Or, most importantly, crawl up in a comfortable chair in a forgotten nook and lose yourself in a book. This library has nooks. Nooks are important.

Monday, April 20, 2015

the opposite of war

"The opposite of war isn't peace. It's creation."
(Jonathan Larson)

Perhaps this is why there is a war in my soul. What do you do when you can't create?

Thursday, April 16, 2015

rest, and all the rest

A day of rest.

I never really know what to make of it. Stay in bed with Pinterest and a book? Watch DVDs? Go fleamarket shopping? Have a lazy lunch at a cute café? Take a long walk? Meet up with a friend? Visit Mom? Clean the house?

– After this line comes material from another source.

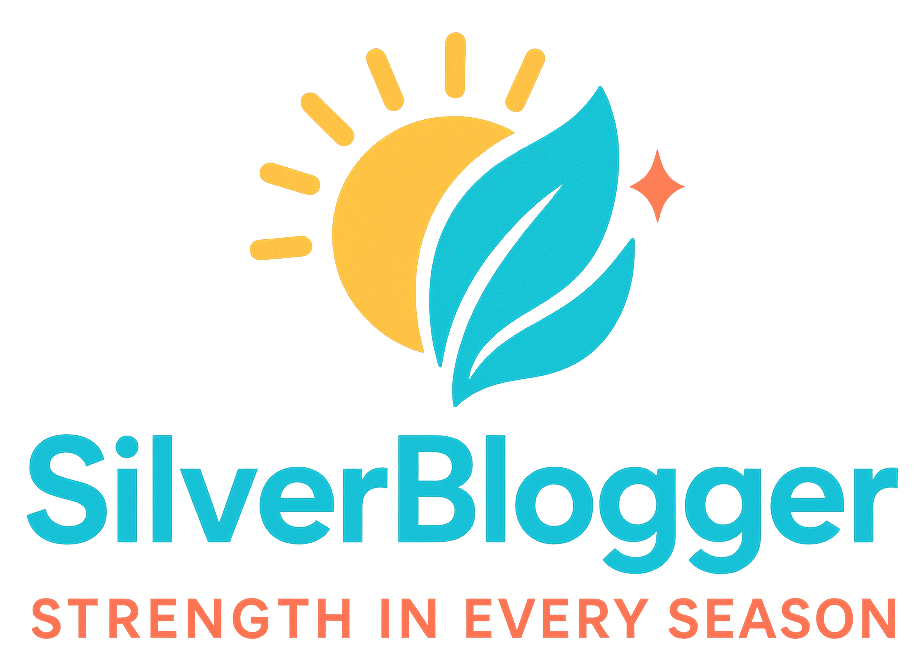 My Lifestyle Health Fitness Nutrition For Women Site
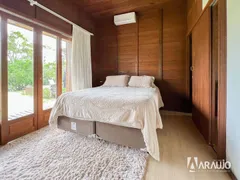 Casa com 2 Quartos à venda, 70m² no Centro, Ilhota - Foto 11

Do I want the result to be tired but content, or well-rested but bored?

Wednesday, April 15, 2015

retrieving a friend

Went to a dog show last Sunday.

I felt 12 years old again. The age when I ran around the neighbourhood with my best friend A., ringing strangers' doorbells to ask if we could walk their dog, knowing every dog breed by heart, making up a bunch of pretend dogs when  the real ones weren't enough.

Then friends took over my attention, and boys, and books, and Jesus, and volleyball. And A. disappeared out of my life, more or less, for decades.

At the dog show, I looked around and saw thousands of dogs and even more humans. I found I could still identify most of the dog breeds. At the retriever ring I stopped, because retrievers used to be our favourites.

Someone said, "Hi!" And there was A. beside me, grinning. It was so unexpected, so predictable, and so right. The tousled little brat was now a bank teller and mother of two, but the grin was the same. We walked around, discussing life and pointing out weird-looking dogs, and everything was the same.

Sunday, April 12, 2015

you who have suffered

"You who have suffered - 
find where love hides,
give, share, lose,
lest we die
unbloomed."

(Allen Ginsberg)

Friday, April 10, 2015

rye chips day

Today is: blustery weather, rye chips with Greek yoghurt, and googling French caves for work.

Tuesday, April 07, 2015

horses and God

Fact: I can happily stand in a cold drizzle for hours if there are pretty horses to look at.
As long as I have a thick parka, a hotdog, a cup of lukewarm coffee and a friend who demands that we discuss God.

So I ended up explaining my views on heaven and hell while stroking the soft muzzle of a beautiful Irish Cob.

Monday, April 06, 2015

happiness, a dog and an inflatable raft

One of the very first  works of fiction  I wrote, at approximately age 12 or 13, was heavily influenced by (not to mention plagiarising) something from The Famous Five. Jo, the gypsy girl, takes her dog and runs away, but not without some careful packing of essentials which she loads onto an inflatable raft.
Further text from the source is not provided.